M. Shobana Devi of Class 12, who travels from Semmedu, recalls how before the scheme began, she would feel very tired even during the first period. Gokilavani, of Class 12, who travels from Somanur, used to regularly skip breakfast. “Kannu irunduttu varum,” she says.
M. Hemalatha of Class 10 survived on just coffee for two years. “Now, I feel much better. I am attentive in class,” she says.
Angeline Jennifer eats the idlis with relish. “Enakku idli romba pidikkum,” she says. School principal R. Rajeswari says that for many of their school children, the concept of ‘tiffin’ is a novelty.
“For them, idli, chutney and sambar are like manna.” Many children come from underprivileged backgrounds; some parents leave very early to work in the fields or mills; some others are too tired fighting poverty to even buy provisions and send their kids to school on a full stomach, she says.
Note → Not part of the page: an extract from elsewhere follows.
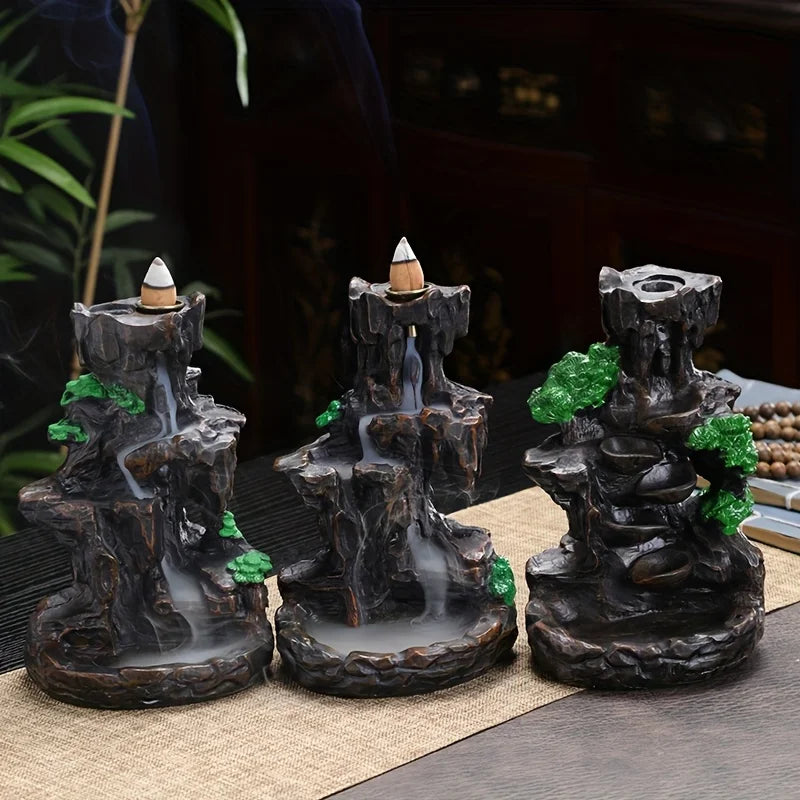 Three decorative incense burners shaped like miniature waterfalls on a table.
Ninety-seven children are part of the free breakfast scheme, and on any given day, about 70 of them turn up for breakfast. A student is nominated to mark attendance. To ensure the quality of food, teachers check the contents on the breakfast table and occasionally eat there too. Three teachers — T. Srividhya, S. Sivakumar and Beulah Joy Margret — are vital members of the programme.
Sivakumar, programme coordinator, says that the breakfast scheme has brought about a perceptible difference in concentration levels. Some students who were lagging behind in class now come within the top five ranks.
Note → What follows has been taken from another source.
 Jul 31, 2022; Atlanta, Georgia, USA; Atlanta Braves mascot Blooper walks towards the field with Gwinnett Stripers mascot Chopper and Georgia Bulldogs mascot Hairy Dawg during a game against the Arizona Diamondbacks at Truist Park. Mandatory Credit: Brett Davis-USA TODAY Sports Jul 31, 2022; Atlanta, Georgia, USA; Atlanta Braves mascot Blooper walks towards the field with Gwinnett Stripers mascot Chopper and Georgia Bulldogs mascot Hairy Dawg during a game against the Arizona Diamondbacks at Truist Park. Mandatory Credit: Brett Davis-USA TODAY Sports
The programme cost works out to about Rs. 45,000 a month (for providing breakfast to children for 20 working days), says R. Nandagopal, director, PSG IM. “The contributions are entirely voluntary and any shortfall is made up by the management.”
The best part of the breakfast programme is the unexpected bonding between those in the college and the school kids. As we speak to him, Dileepan, 13, a Class 8 student, asks: “Akka, can I please have breakfast with that anna?” and points in the direction of 21-year-old Vijaykumar who works in the Robotics Department. The two became friends in the canteen.
It does not stop with just friendship. Many college students also help the school kids by buying stationery and books, says Dr. Nandagopal. “Most importantly, when they see the college students, they are inspired to aim higher.”